→ **Exercise**: Please transcribe, word for word, only the lines from the one containing "Woodcreek Girls Flag" through the last line of the records below, both included, and leave out every picture.

→ **Provided entries**:
=-=-=-=-=
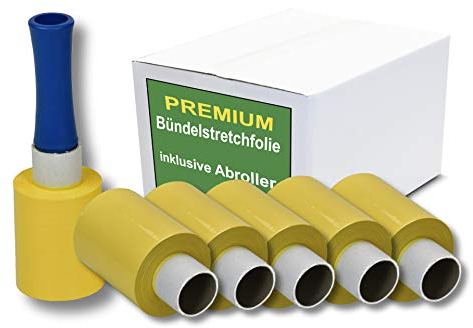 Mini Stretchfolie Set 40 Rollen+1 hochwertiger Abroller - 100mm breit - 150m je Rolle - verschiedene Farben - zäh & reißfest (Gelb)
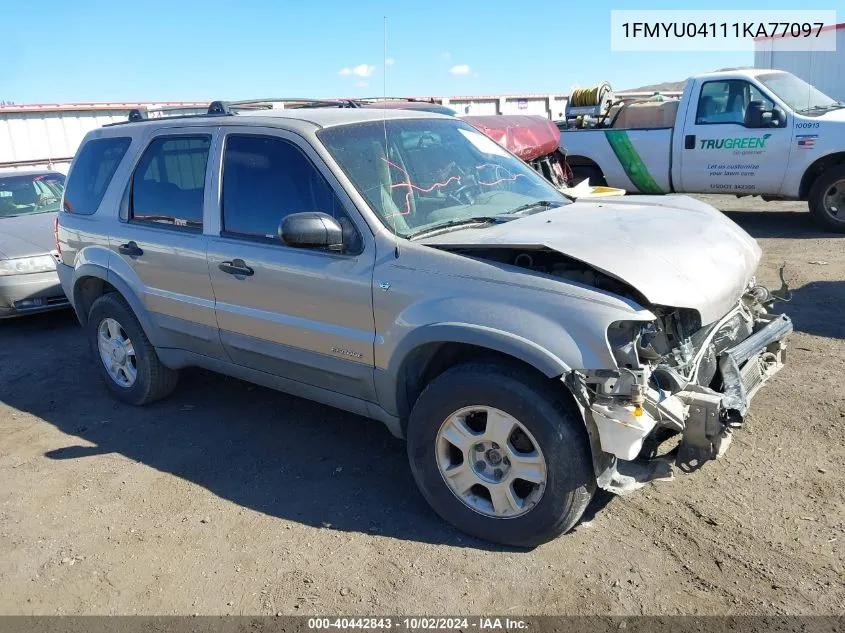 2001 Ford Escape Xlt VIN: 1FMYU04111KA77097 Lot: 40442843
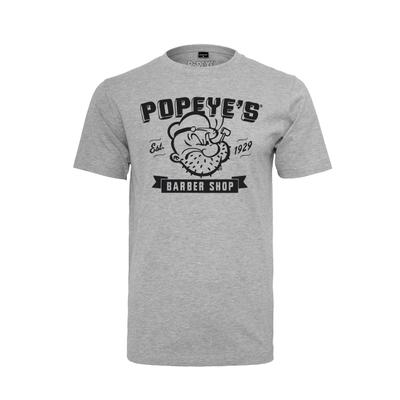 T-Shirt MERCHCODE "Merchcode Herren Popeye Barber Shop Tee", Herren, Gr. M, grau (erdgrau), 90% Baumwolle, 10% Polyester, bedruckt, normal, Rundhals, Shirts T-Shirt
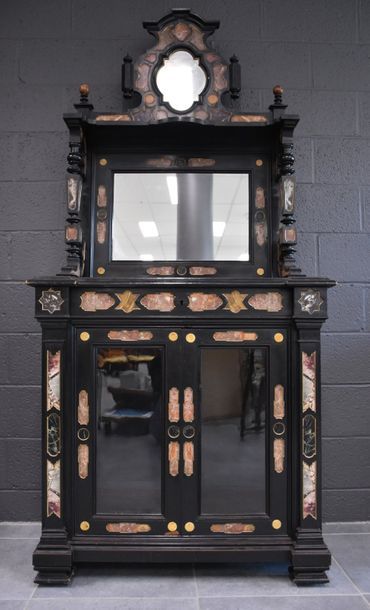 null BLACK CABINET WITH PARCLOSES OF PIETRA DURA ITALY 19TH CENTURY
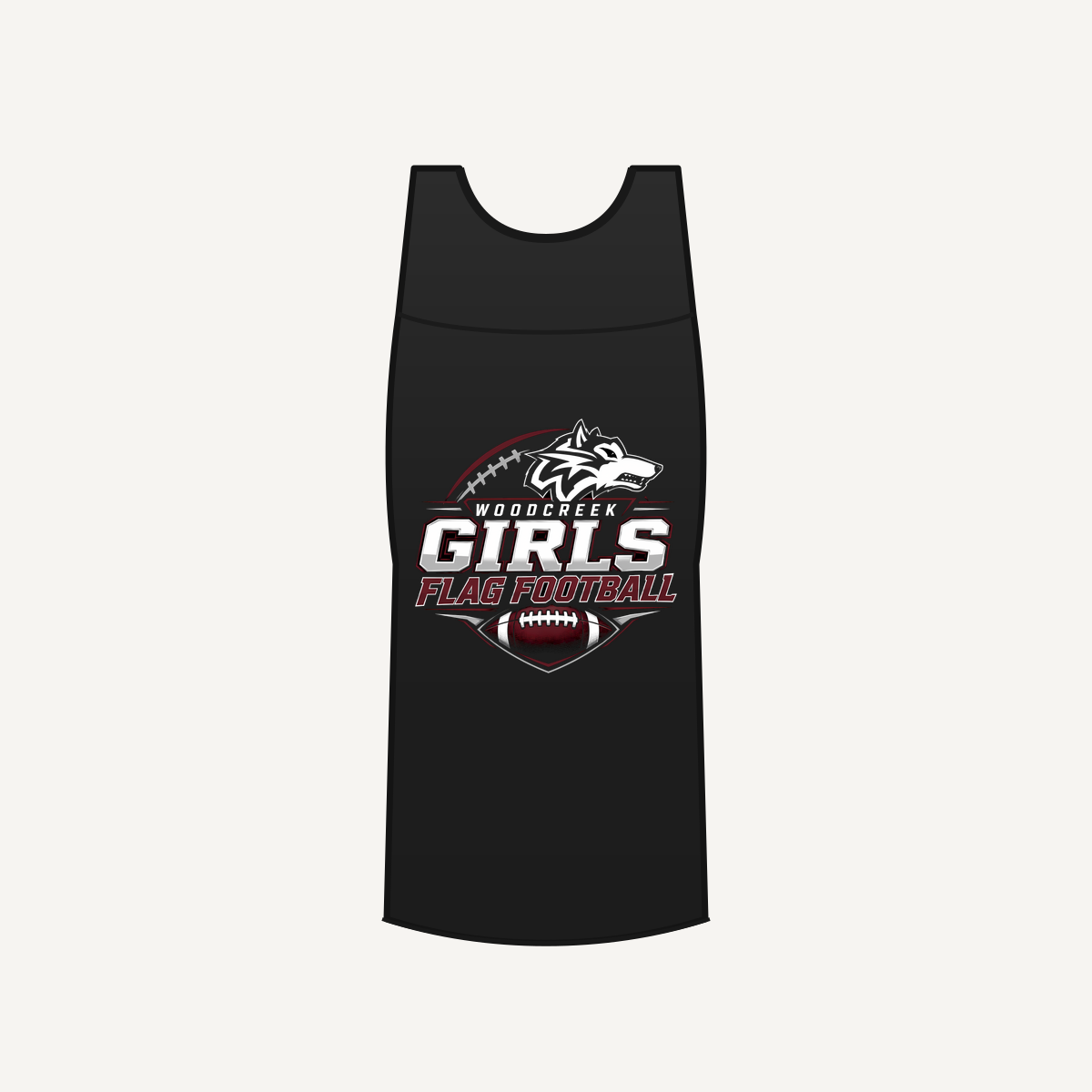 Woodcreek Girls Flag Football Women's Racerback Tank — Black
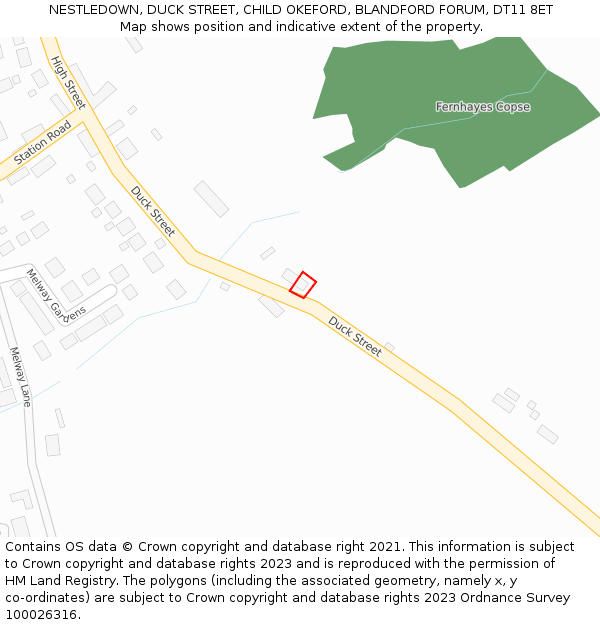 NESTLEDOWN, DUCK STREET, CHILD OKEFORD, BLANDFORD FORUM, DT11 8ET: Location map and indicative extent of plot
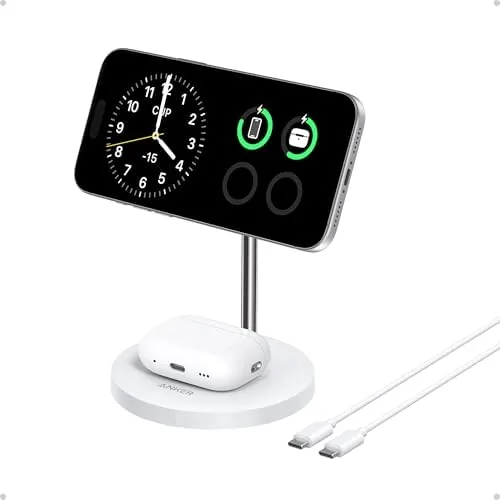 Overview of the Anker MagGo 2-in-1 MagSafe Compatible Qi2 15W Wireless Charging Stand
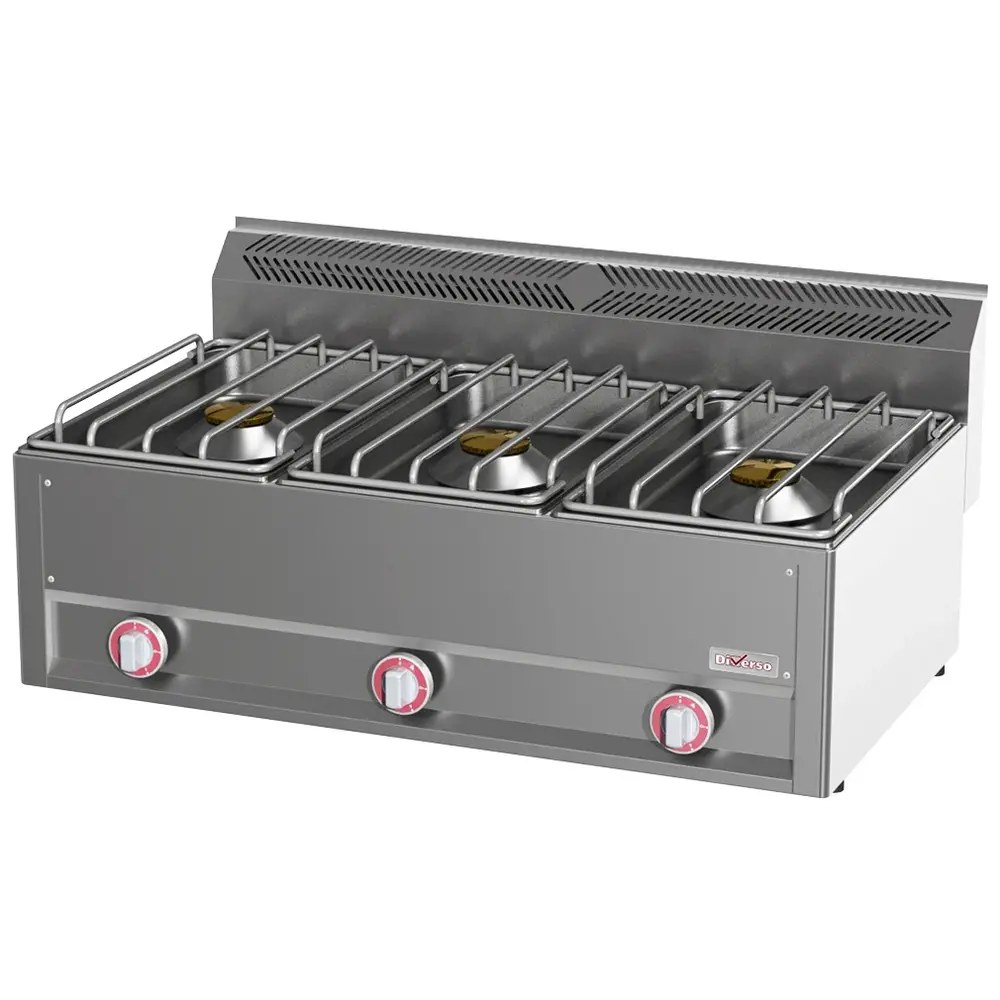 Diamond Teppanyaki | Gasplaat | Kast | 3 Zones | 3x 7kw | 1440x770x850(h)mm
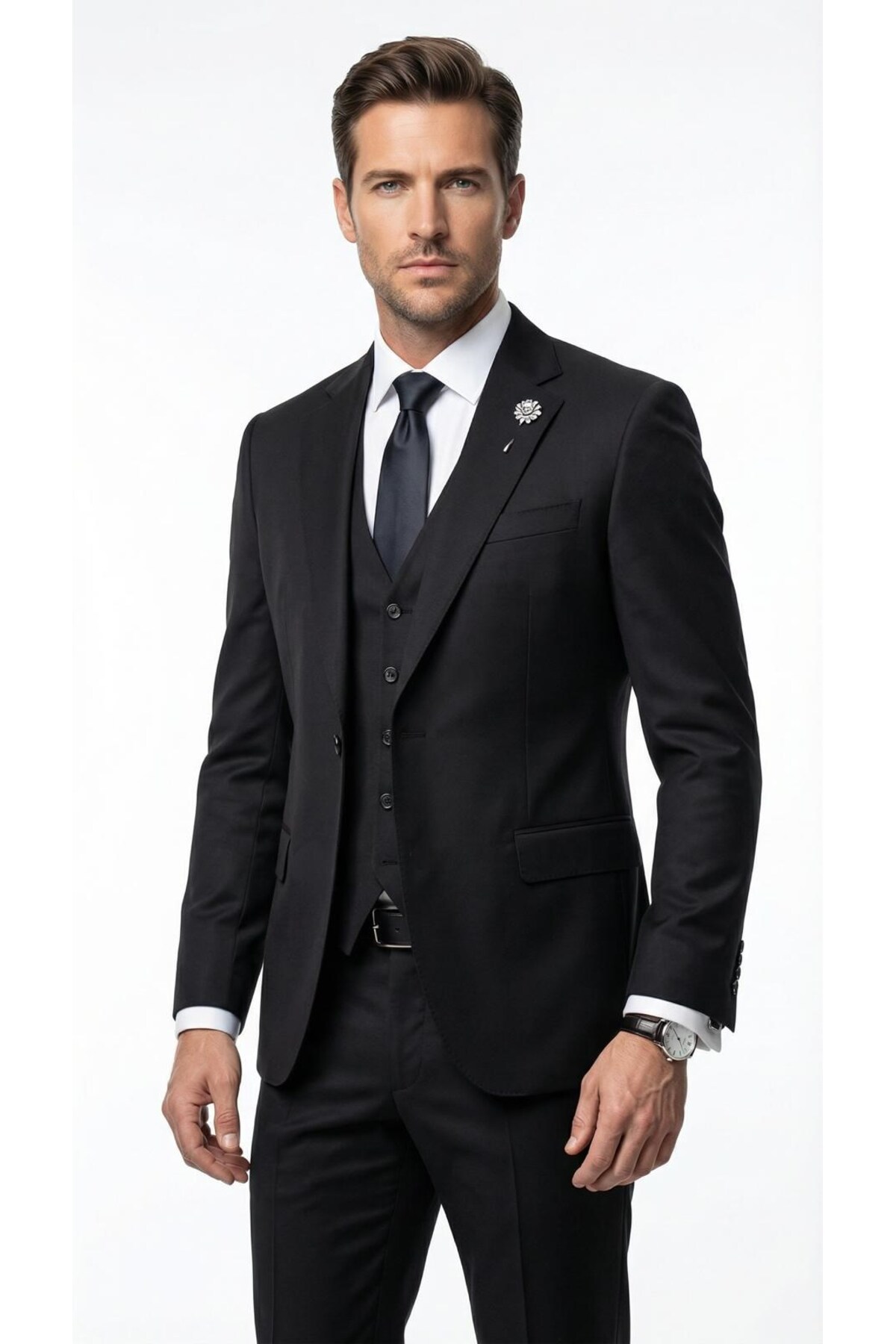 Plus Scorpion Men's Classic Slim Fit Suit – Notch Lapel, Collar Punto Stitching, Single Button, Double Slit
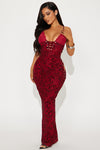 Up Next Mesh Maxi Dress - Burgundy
=-=-=-=-=
→ **Exercise answer**:
 Woodcreek Girls Flag Football Women's Racerback Tank — Black
 NESTLEDOWN, DUCK STREET, CHILD OKEFORD, BLANDFORD FORUM, DT11 8ET: Location map and indicative extent of plot
 Overview of the Anker MagGo 2-in-1 MagSafe Compatible Qi2 15W Wireless Charging Stand
 Diamond Teppanyaki | Gasplaat | Kast | 3 Zones | 3x 7kw | 1440x770x850(h)mm
 Plus Scorpion Men's Classic Slim Fit Suit – Notch Lapel, Collar Punto Stitching, Single Button, Double Slit
 Up Next Mesh Maxi Dress - Burgundy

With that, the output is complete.